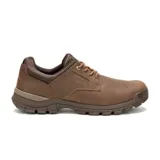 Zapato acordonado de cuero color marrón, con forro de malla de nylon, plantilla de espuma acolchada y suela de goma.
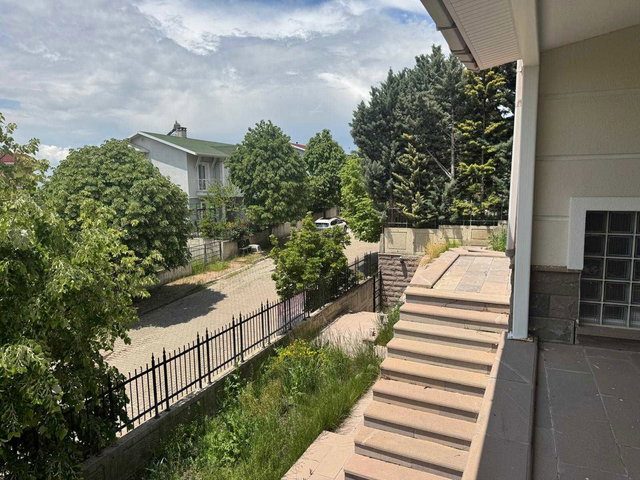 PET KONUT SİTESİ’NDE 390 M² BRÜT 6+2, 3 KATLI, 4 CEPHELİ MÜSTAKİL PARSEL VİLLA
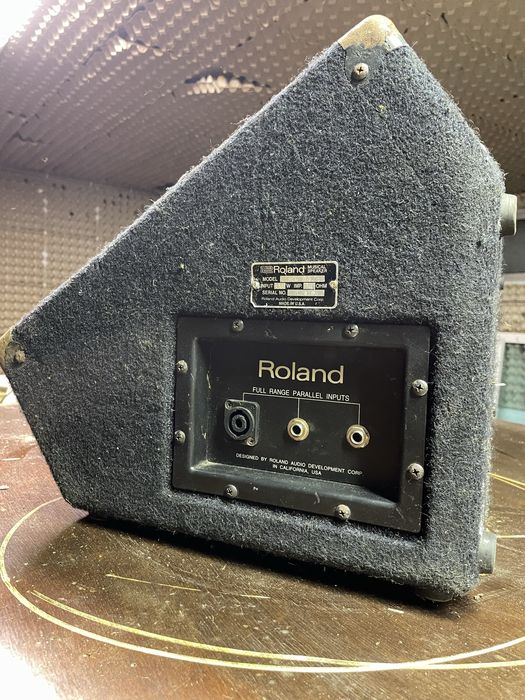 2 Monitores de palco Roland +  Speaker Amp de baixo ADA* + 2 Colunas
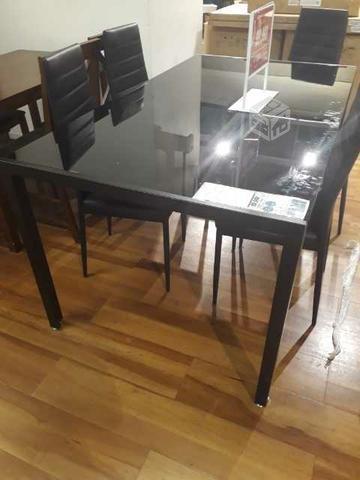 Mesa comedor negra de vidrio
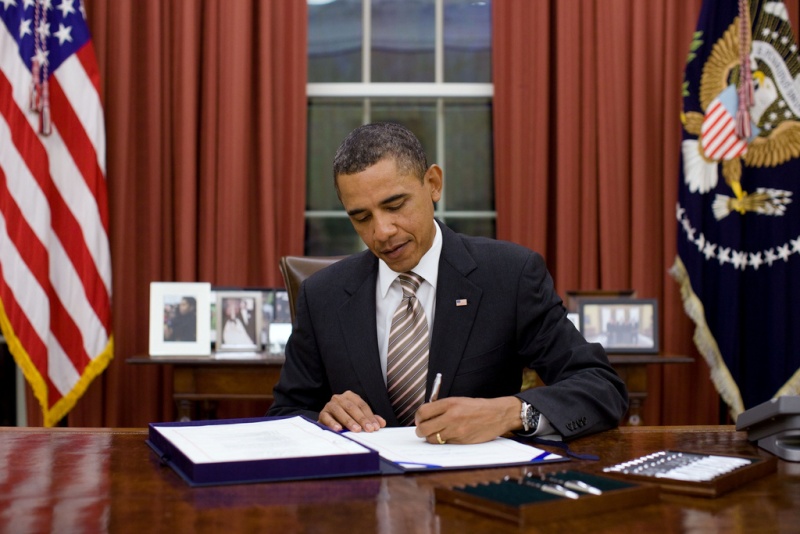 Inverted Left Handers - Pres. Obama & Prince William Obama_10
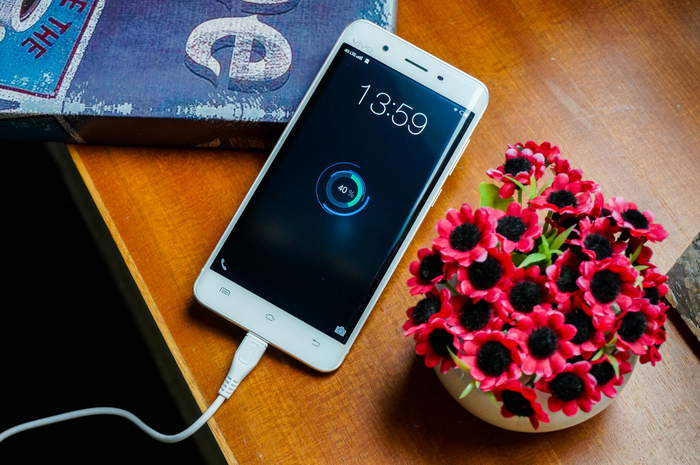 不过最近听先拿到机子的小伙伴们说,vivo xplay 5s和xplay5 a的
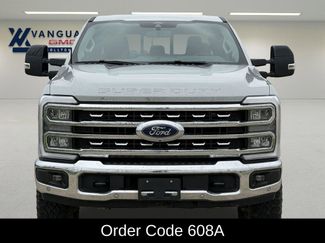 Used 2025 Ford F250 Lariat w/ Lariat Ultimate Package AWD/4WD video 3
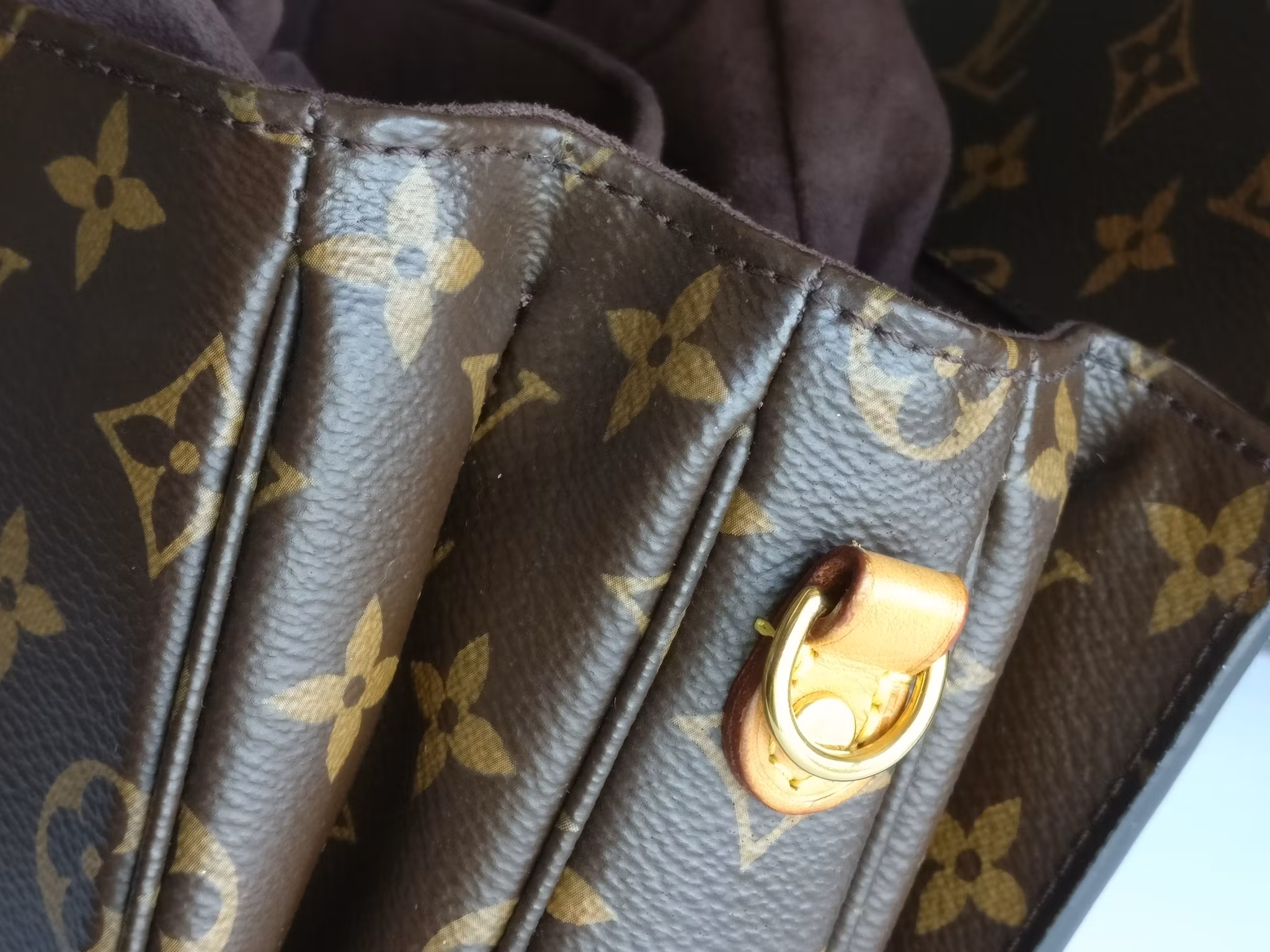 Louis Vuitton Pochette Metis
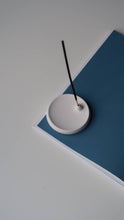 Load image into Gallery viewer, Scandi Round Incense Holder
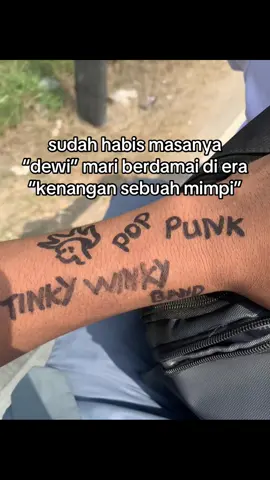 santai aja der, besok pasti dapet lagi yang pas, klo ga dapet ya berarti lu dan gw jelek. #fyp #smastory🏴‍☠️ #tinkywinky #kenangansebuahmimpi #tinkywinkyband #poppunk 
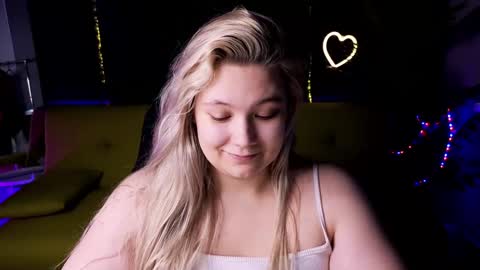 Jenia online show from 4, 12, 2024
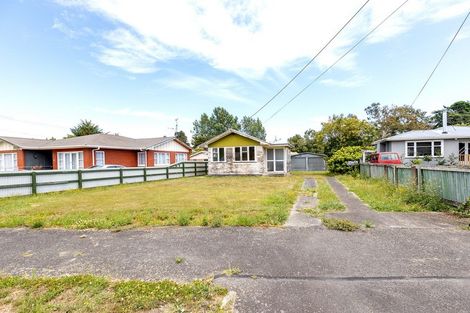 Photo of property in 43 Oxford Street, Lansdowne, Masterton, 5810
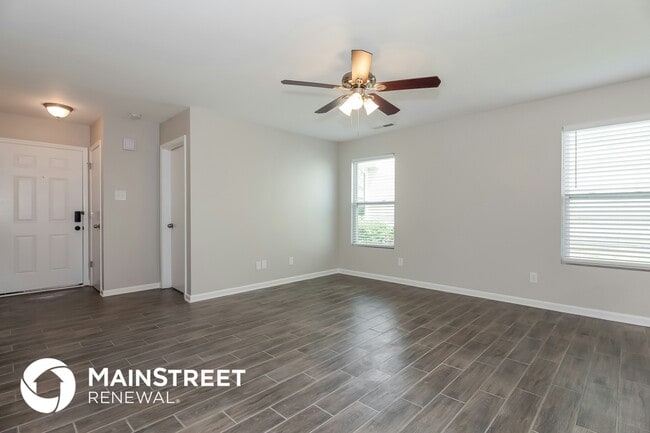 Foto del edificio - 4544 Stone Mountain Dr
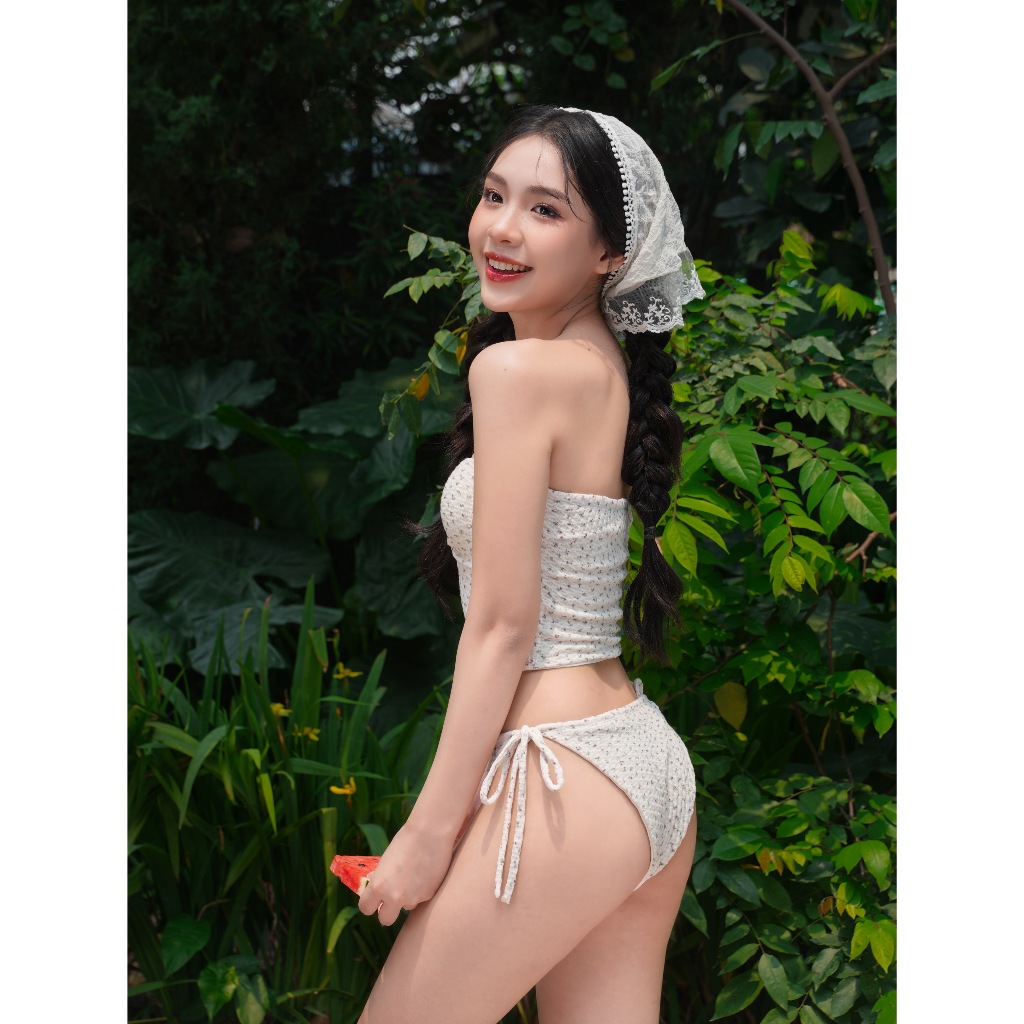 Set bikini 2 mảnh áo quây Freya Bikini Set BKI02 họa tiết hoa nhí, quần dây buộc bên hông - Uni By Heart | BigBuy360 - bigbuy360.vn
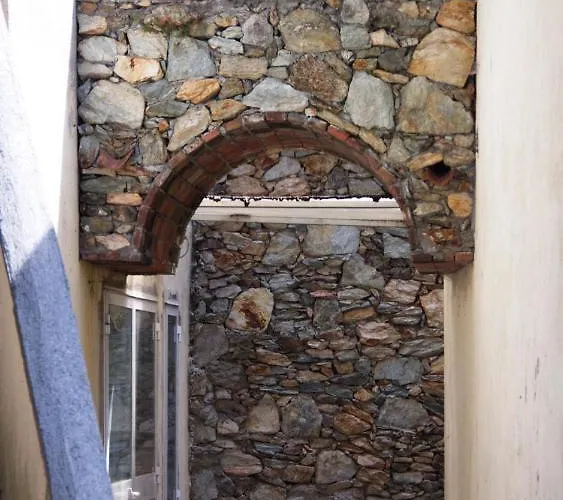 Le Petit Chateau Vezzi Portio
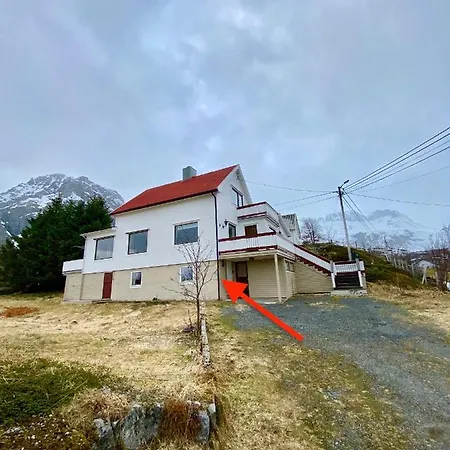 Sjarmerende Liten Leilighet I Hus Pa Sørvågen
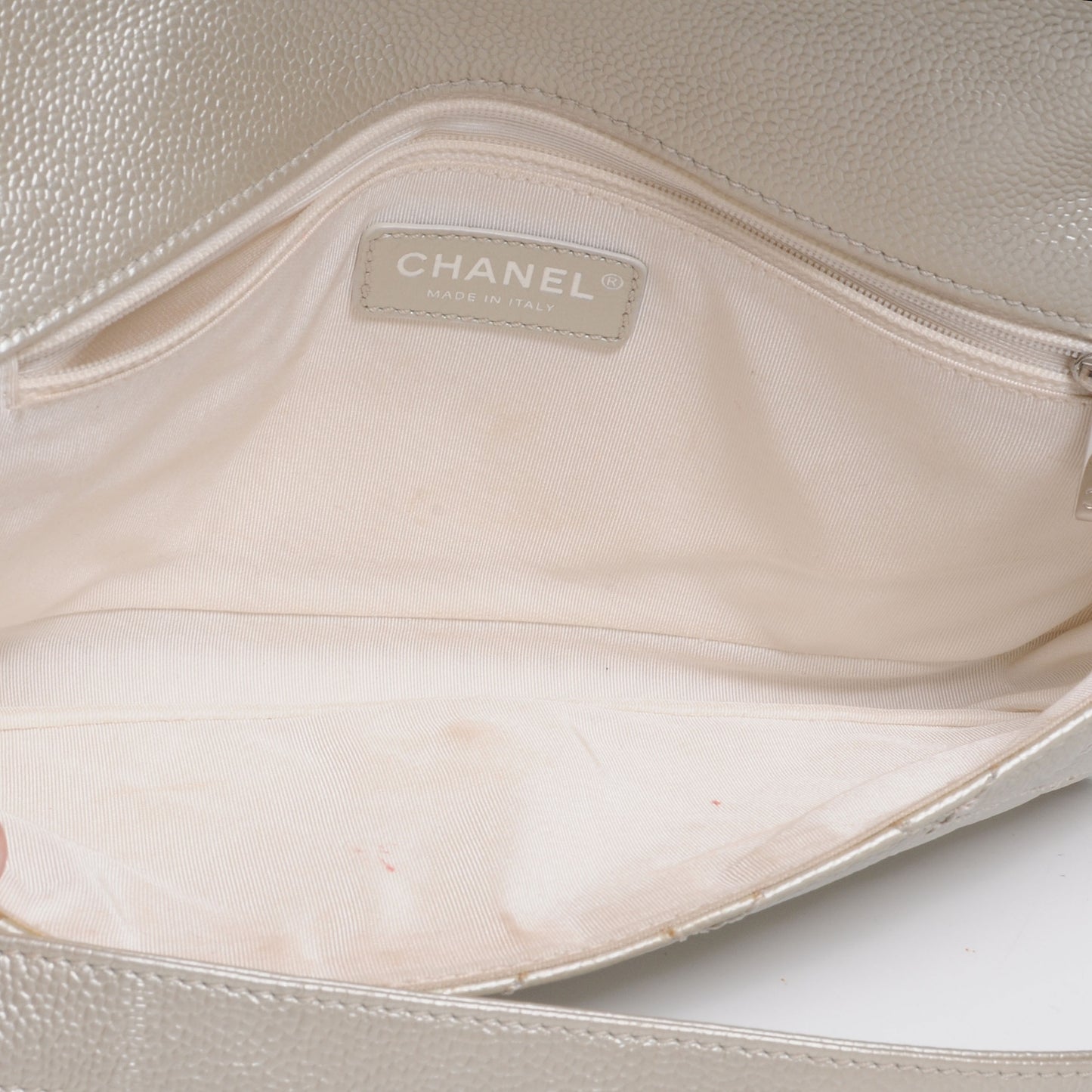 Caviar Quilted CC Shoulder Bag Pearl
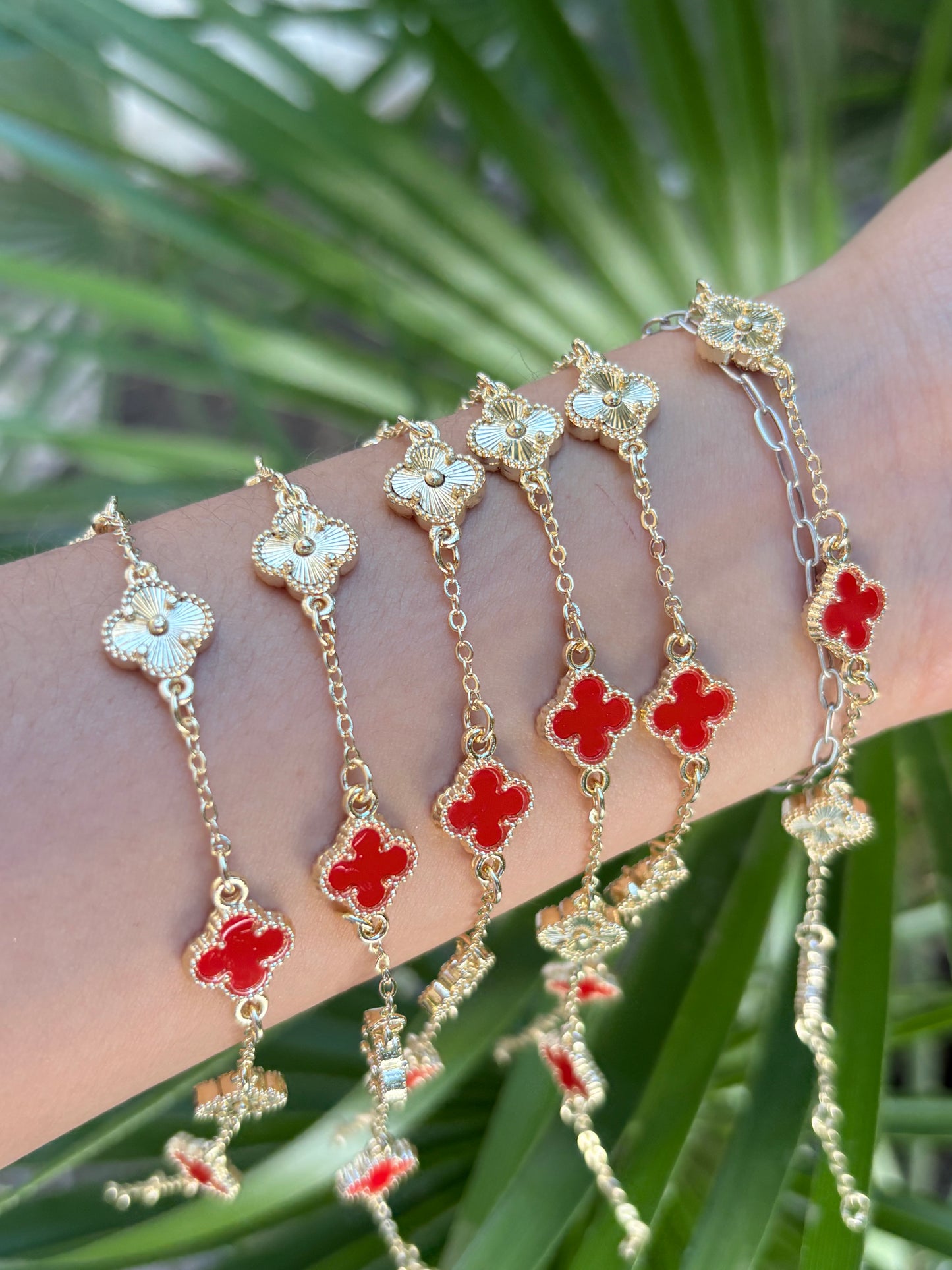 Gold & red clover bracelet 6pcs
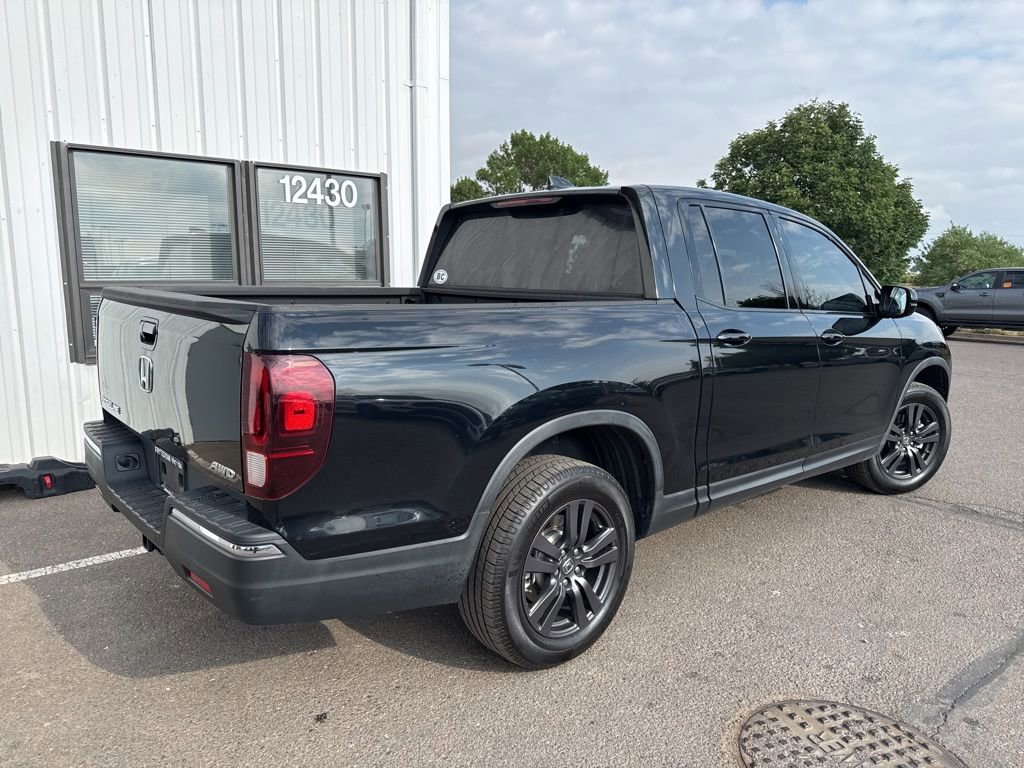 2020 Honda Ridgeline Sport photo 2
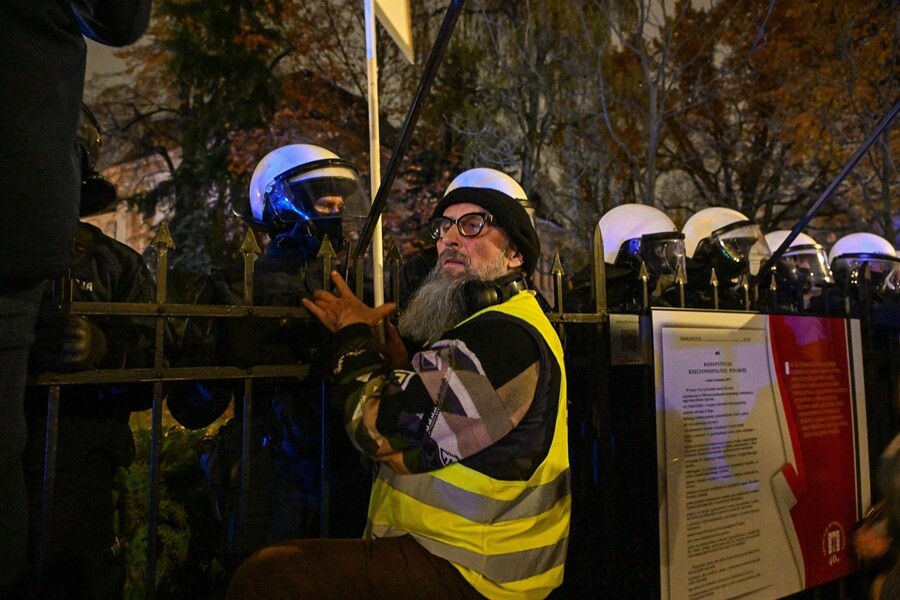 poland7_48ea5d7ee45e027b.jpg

* Brief:
From the material above, output only the span of lines that starts at the one containing "santai aja der, besok" and finishes at the one containing "Foto del edificio - 4544 Stone Mountain Dr", word for word and free of pictures.

* Solution:
 santai aja der, besok pasti dapet lagi yang pas, klo ga dapet ya berarti lu dan gw jelek. #fyp #smastory🏴‍☠️ #tinkywinky #kenangansebuahmimpi #tinkywinkyband #poppunk 
 Jenia online show from 4, 12, 2024
 Photo of property in 43 Oxford Street, Lansdowne, Masterton, 5810
 Foto del edificio - 4544 Stone Mountain Dr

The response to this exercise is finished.